The CFPB hasn't specifically targeted marketplace lenders, although they could be wrapped into other rulemakings to define larger participants in markets for consumer installment loans and vehicle title loans, according to Ori Lev, partner at K&L Gates.
“Depending on how the CFPB defines the ‘consumer installment loan' market, its larger participant rule may sweep in only true lenders or also encompass other marketplace loan participants,” Lev said in a blog on the K&L Gates website.
Poindexter said she thinks the CFPB is closely studying marketplace lenders and other fintech products — which could result in a request for information so the agency can “understand some of those models a bit more,” she said.

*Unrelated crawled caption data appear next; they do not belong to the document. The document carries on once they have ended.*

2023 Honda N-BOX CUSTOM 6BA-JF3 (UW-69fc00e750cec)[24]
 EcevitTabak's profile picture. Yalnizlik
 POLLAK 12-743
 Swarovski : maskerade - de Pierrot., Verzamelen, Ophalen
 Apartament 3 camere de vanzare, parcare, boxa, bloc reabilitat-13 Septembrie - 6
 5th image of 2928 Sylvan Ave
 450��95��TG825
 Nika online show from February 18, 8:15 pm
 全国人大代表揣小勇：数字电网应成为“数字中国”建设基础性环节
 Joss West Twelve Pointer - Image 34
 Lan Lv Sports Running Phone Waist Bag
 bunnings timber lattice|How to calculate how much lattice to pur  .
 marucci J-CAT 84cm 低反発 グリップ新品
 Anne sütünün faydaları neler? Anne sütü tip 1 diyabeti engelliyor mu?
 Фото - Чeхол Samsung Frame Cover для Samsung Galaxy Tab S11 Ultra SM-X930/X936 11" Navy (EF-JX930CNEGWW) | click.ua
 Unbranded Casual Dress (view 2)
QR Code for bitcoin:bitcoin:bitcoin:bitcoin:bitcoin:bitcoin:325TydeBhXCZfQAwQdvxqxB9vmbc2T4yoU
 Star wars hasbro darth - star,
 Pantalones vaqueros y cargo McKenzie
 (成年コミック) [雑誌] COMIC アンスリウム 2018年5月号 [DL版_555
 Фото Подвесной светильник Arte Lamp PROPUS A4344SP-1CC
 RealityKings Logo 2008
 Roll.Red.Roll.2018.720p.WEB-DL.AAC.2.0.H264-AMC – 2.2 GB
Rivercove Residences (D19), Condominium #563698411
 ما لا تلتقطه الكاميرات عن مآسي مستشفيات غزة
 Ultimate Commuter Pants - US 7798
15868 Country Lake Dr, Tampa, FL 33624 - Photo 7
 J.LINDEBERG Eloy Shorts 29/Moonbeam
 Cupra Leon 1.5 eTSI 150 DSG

In the payments space, the CFPB is more likely to rely on its enforcement authority than regulation and supervision, said Kevin Petrasic, a partner at White & Case said in an e-mail. Issues likely to attract CFPB scrutiny include industry practices deemed unfair, deceptive or abusive; concerns about improperly secured customer personal financial data; and payment providers that fail to ensure the safety and security of customer payments, Petrasic said.
The CFPB says it is gathering additional research for a rulemaking on debt collection activities, which are the single largest source of complaints to the federal government of any industry. Poindexter said a proposed rule might emerge in the latter part of this year.
The CFPB is also working to finalize a proposal published in December 2014 to amend certain aspects of the bureau's 2013 mortgage servicing rules. The proposal addressed, among other things, enhanced loss mitigation requirements and compliance with certain rules when the borrower is a potential or confirmed successor in interest or is in bankruptcy.
Further out on the horizon is CFPB action on mandatory arbitration. The bureau announced in October it is considering proposing rules that would ban consumer financial companies from using “free pass” arbitration clauses to block consumers from suing in groups to obtain relief. The announcement came seven months after the agency issued a study that found arbitration clauses in agreements with the financial services industry are little understood by consumers and can restrict their ability to seek redress through class-action settlements when disputes emerge.
Republican lawmakers, who oppose efforts to limit such arbitration clauses, are likely to hold hearings on the proposal, Jared Sawyer, a staff member on the House Financial Services Committee's Financial Institutions and Consumer Credit Subcommittee, said during a panel discussion Jan. 9 at an American Bar Association's Banking Law Committee meeting in Washington.
The CFPB finalized a rule in June that extends its oversight of the auto financing market to more than 30 of the largest nonbank finance companies and their affiliated companies. The final rule means that the CFPB, for the first time, will be supervising large auto finance firms that aren't banks for compliance with consumer protection laws such as the Equal Credit Opportunity Act, the Truth in Lending Act, the Consumer Leasing Act, and the Dodd-Frank Act's Unfair, Deceptive or Abusive Acts or Practices prohibition.
White & Case's Cuaresma said that now that the CFPB has supervisory authority over larger entities in the auto financing space, the bureau may “step up its supervision over some larger auto companies that provide loans and leases through dealer franchise arrangements.”